Magic and Motherhood in Netflix’s The Witcher: Part 1

Posted on December 31, 2019 by Monica Valentinelli

The Witcher Roleplaying GameNetflix’s adaptation of The Witcher debuted in December 2019 and has been met with both criticism and accolades. If you’re not already aware, the events in The Witcher Season One are presented as a time-hopping origin story, or braided narrative, for three characters: Yennefer of Vengerberg, Geralt of Rivia, and Ciri of Cintra. The character arcs and setting material were drawn from short stories published in two collections written by Polish author Andrzej Sapkowski “Sword of Destiny” (1992) and “The Last Wish” (1993), which predate the video games. This post dives into a specific aspect of The Witcher–magic–and does contain some spoilers and only draws from Netflix’s series as a primary source.

I had a lot of fun with Geralt of Rivia and monster hunting as a fan, but wanted to dive deeply into an aspect of the worldbuilding and narrative from a creator’s and setting adaptor’s POV. In Part I, I examine the magic and magical systems present in The Witcher. In Part II, I’ll then dive into motherhood and fertility which serve as examples of how its implemented and commented upon in this setting.

Before I unravel the magic system in The Witcher, here’s some background on magic if you’re unfamiliar with how our world influences worldbuilding in fantasy. If you want to skip the first part, click on this link: Magic and Magic Systems in The Witcher.

Basics of Magic and Magical Systems

In our world, magical traditions and practices have existed for millennia as a means to explain and/or affect natural phenomena, such as the weather, human body and mind, animal kingdom, and the environment, but also to exert influence over the supernatural world by contacting deities, foretelling the future, etc. Magic wasn’t just “this superstitious thing naive people did”, it was their reality.

Hundreds, if not thousands, of magic systems exist. Magic systems can either have a singular focus or be multidisciplinary touching on botany, astronomy, biology, chemistry, physics, etc. Notably, alchemy served as the precursor to chemistry, but even so: there were different varieties informed by religious and cultural beliefs. Keep in mind that while scientific disciplines offer a common set of facts across multiple cultures, magical systems do not employ universal truths even when leveraging the same ritual components or tools.

This is one of the many reasons politics are omnipresent and inseparable from magic. Identity, however, is another and magic is filled with misogynistic and gender essentialist views. Paracelsus, a 16th century Swedish physician, astrologer, and alchemist, for example, believed that magic was natural and accessible provided you weren’t a menstruating woman. European magicians are often depicted as privileged, white, cisgendered males, while village herbalists are illustrated as poor, white, ugly, older women with monstrous features or intent. Women did participate in the development of the sciences and were not exclusively folklorists. Though they are un-credited and have often been erased from the texts, it wasn’t uncommon for a female alchemist to provide aid during experiments.

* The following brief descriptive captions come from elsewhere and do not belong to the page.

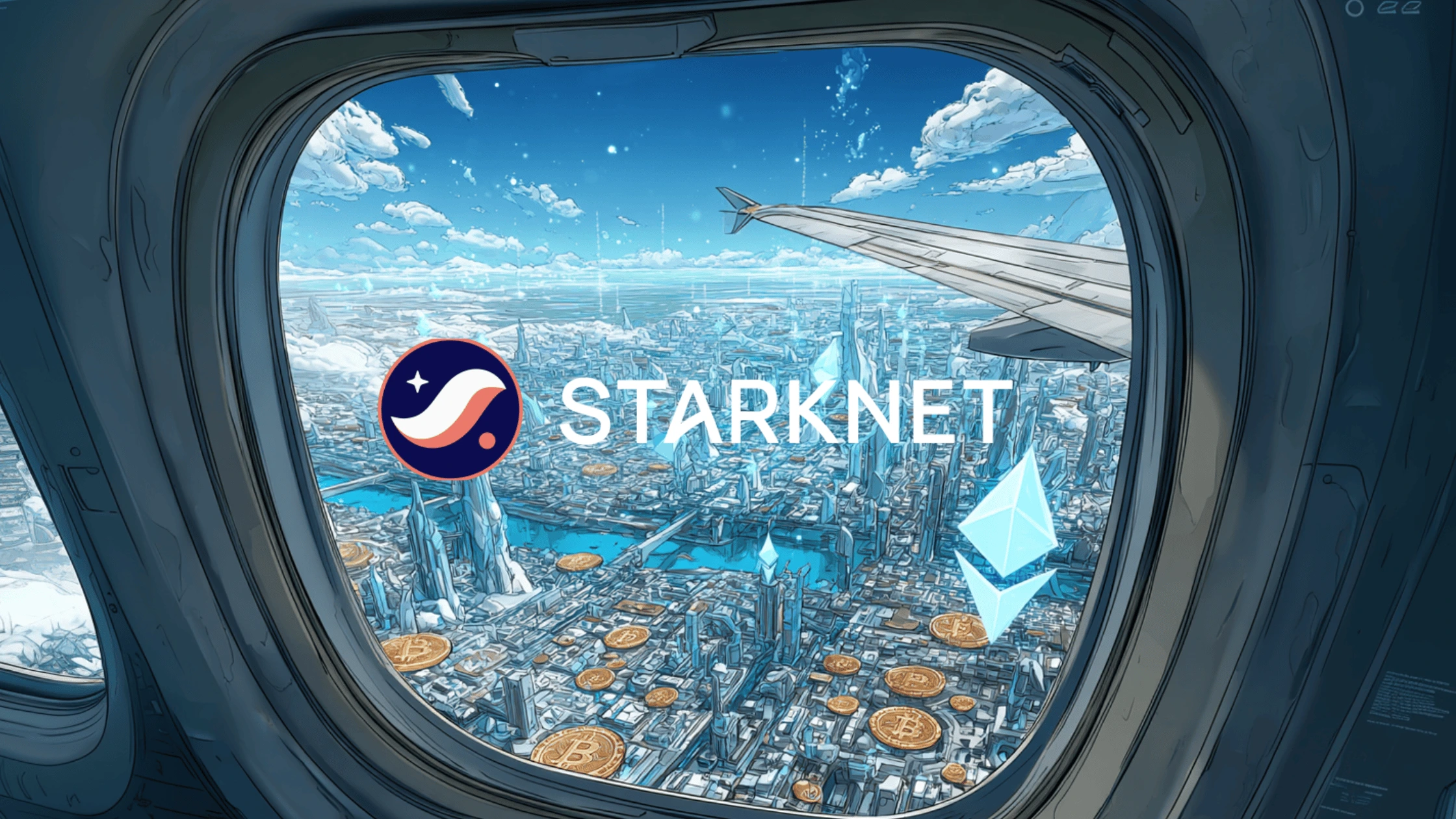 airplane overlooking a digital skyline — reflecting the energy of Starknet’s March 2026 growth.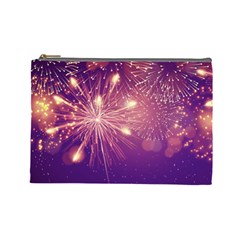 Fireworks On A Purple With Fireworks New Year Christmas Pattern Cosmetic Bag (large) by Sarkoni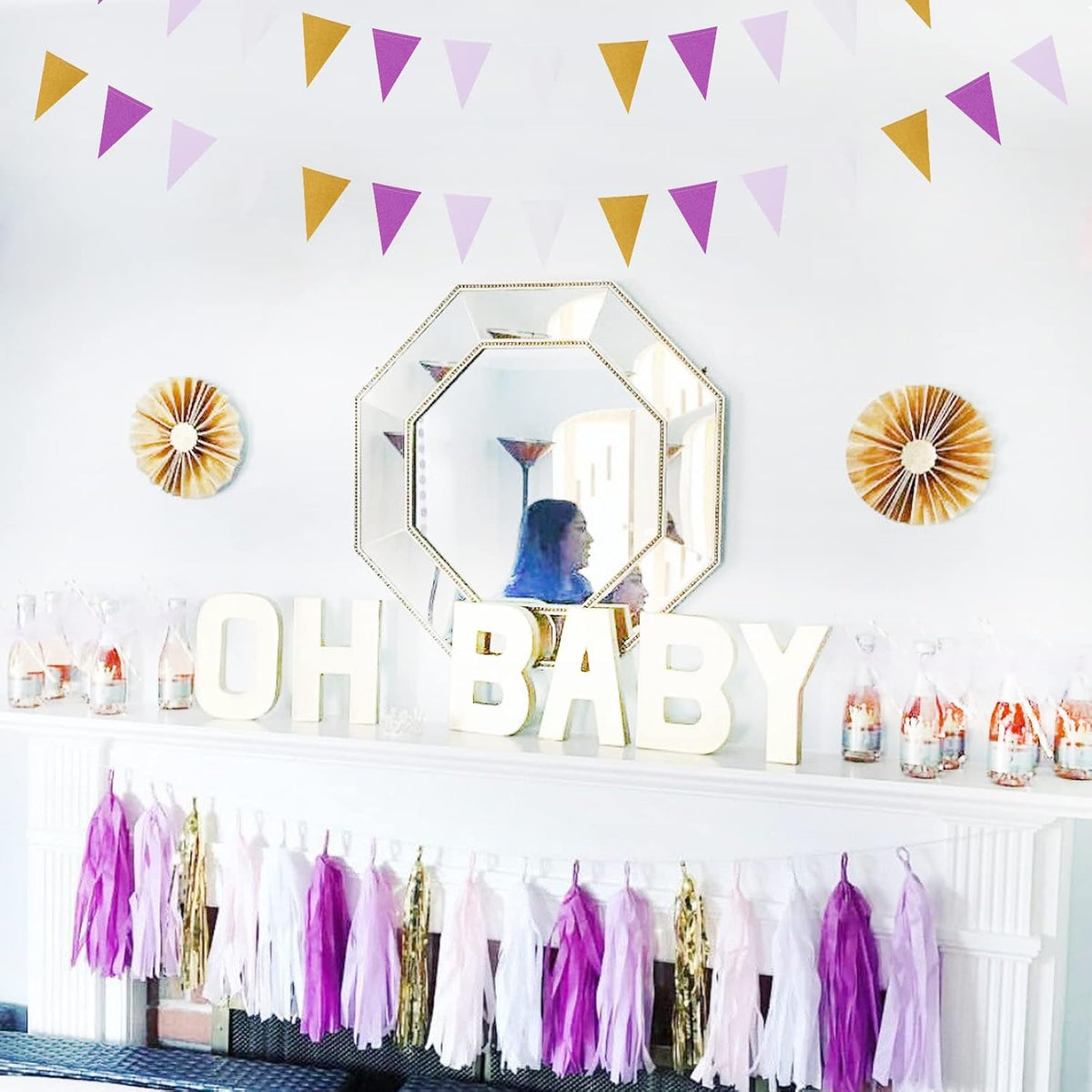Purple Gold Graduation Decorations - 30pcs Kits Lavender White Paper Flowers,Banner Flags,Tassel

To further underline how misogynistic magic can be, examine shows and books about witch hunters which reinforce the aforementioned depictions. They were not heroes; they were serial killers that were legally allowed to murder women. Witch hunters like Matthew Hopkins were paid to drag “witches” out of their homes for interrogation, torture, and execution. These men preyed on vulnerable women, which included white women and women of color, throughout Europe and colonial America. In addition to practicing folkloric traditions, the women were also disabled, queer, mentally ill, and elderly; they were targeted because they were poor or isolated. Even in our modern era, superstitions about moles or plague rashes (witch’s marks) and black cats (a witch’s familiar) persist, and many misogynistic and gender essentialist beliefs remain.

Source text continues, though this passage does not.